If you’ve decided to use melatonin with your 2-year-old, dosage and timing is key.
Because melatonin is not approved by the FDA as a sleep aid in children, before you give it to your toddler, it is imperative that you talk it over with your pediatrician. Once you’ve gotten the go-ahead, start with the smallest dose possible. Most kids respond to 0.5 – 1 milligram. Start with 0.5, and see how your toddler does. You can increase by 0.5 milligrams every few days until you find the right dose.
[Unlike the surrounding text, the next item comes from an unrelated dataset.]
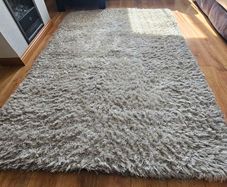 Grey shaggy rug large size 230cm x 160cm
In addition to giving the right amount of melatonin, it’s equally important to give it at the right time. If your toddler has a hard time falling asleep, experts recommend giving them their dose about 1-2 hours before bedtime. But some kids need help with the sleep/wake cycle throughout the night. In these cases, pediatric sleep expert Dr. Craig Canapari suggests a low dose at dinnertime. It can really depend on why your toddler needs melatonin, so definitely talk to your pediatrician about the right time to administer it, too.
We all need sleep, but sometimes, it can be hard to come by! If your toddler has a hard time falling or staying asleep, talk to your pediatrician about melatonin, to see if it’s right for you and your child.